How to complete this task ▸ Exact transcription with no images: write out all of the entries below.

Recorded information ▸
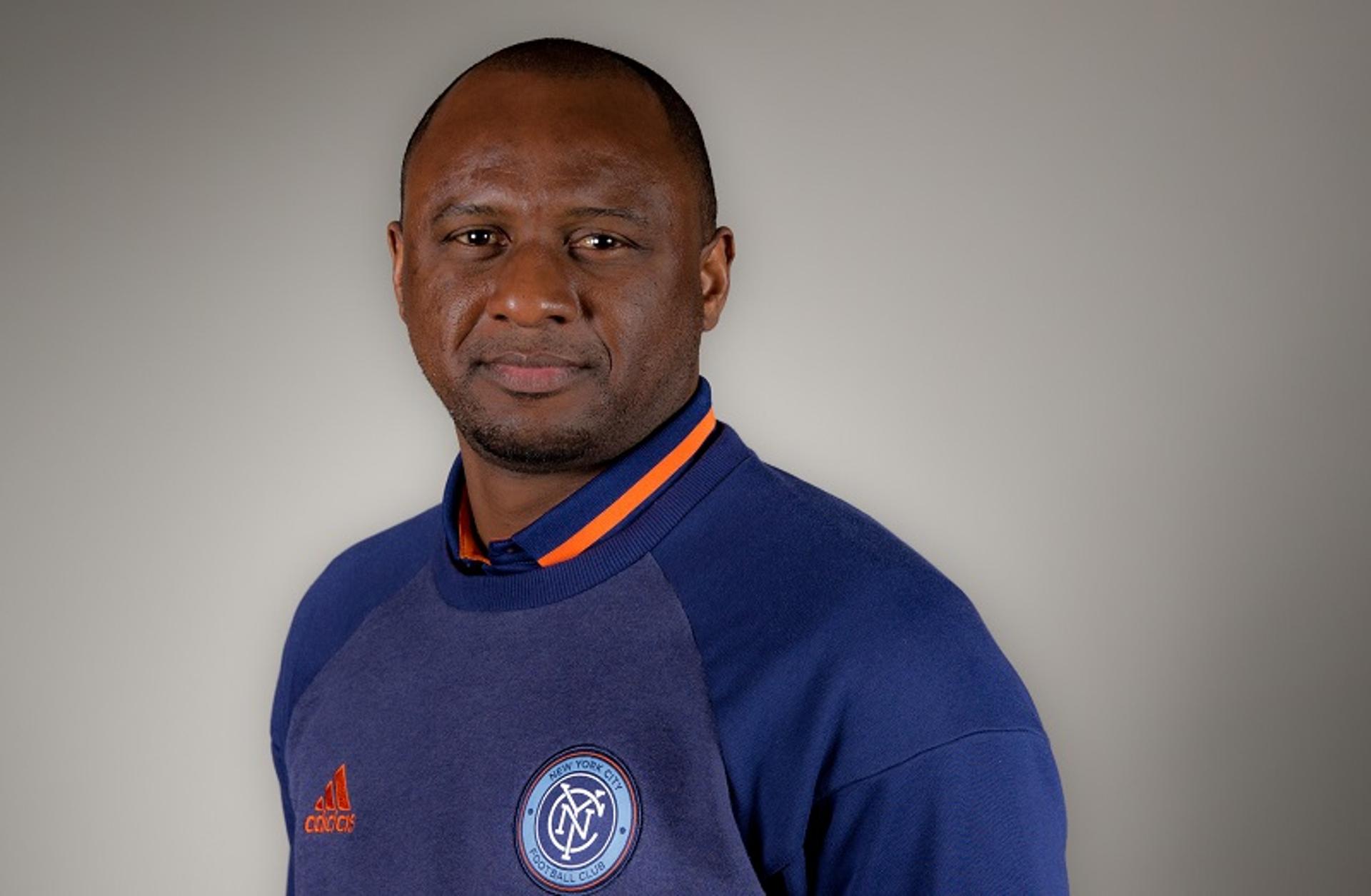 Patrick Vieira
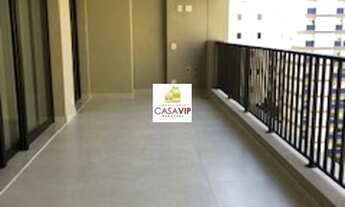 Imagem 3: Apartamento à venda, Vila Mariana, 163m², 3 suítes, 2 vagas!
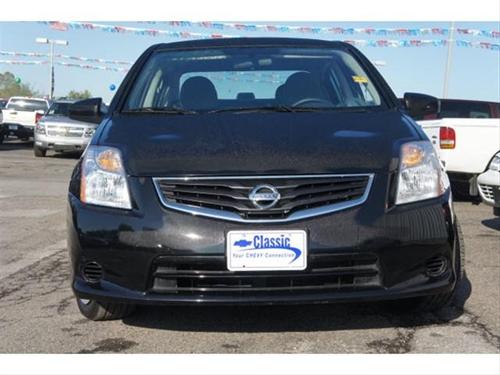 Nissan Sentra 2010 photo 2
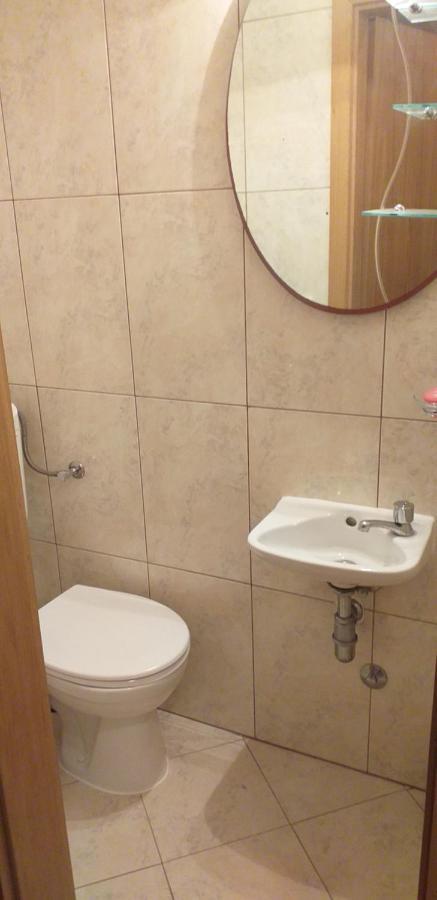 Apartment Rubin Kaštela Kültér fotó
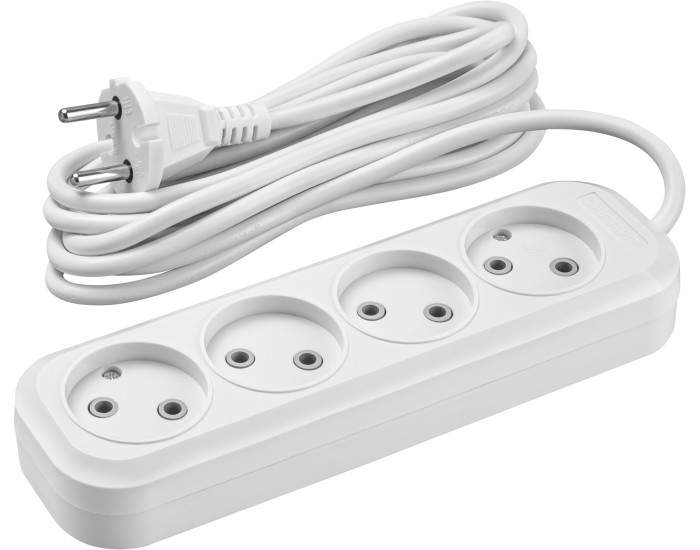 Удлинитель ОНЛАЙТ 90 784 OPE-S-04-300-X-2x1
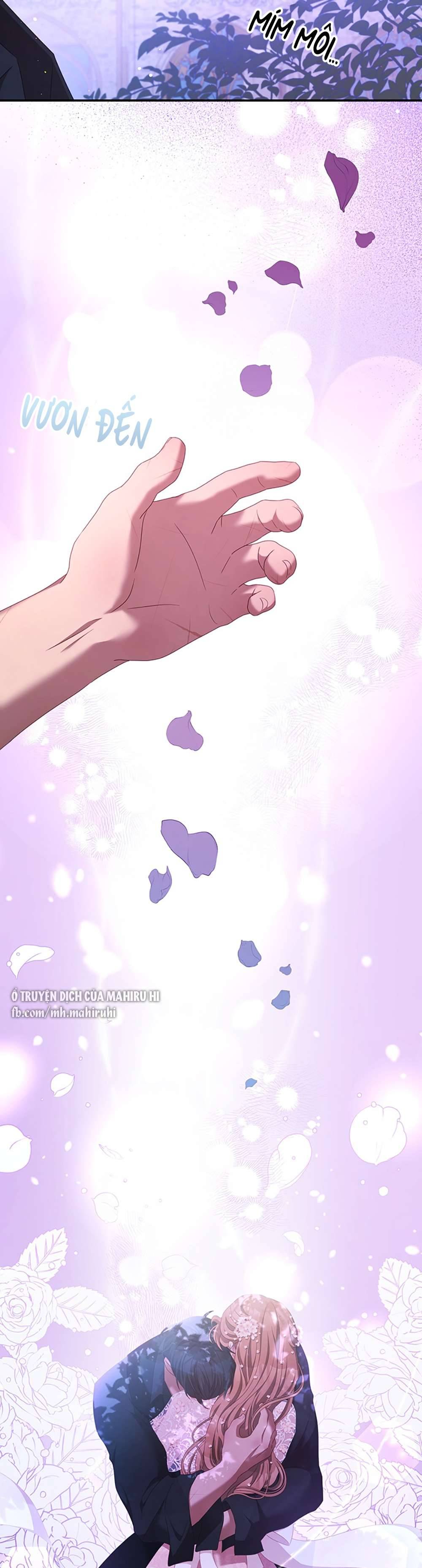 Trở Thành Tình Địch Của Các Nam Chính Chapter 46 - Trang 3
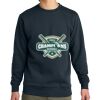 CMS Crew Sweatshirt - Unisex Thumbnail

Solution to the problem ▸
 Patrick Vieira
 Imagem 3: Apartamento à venda, Vila Mariana, 163m², 3 suítes, 2 vagas!
 Nissan Sentra 2010 photo 2
 Apartment Rubin Kaštela Kültér fotó
 Удлинитель ОНЛАЙТ 90 784 OPE-S-04-300-X-2x1
 Trở Thành Tình Địch Của Các Nam Chính Chapter 46 - Trang 3
 CMS Crew Sweatshirt - Unisex Thumbnail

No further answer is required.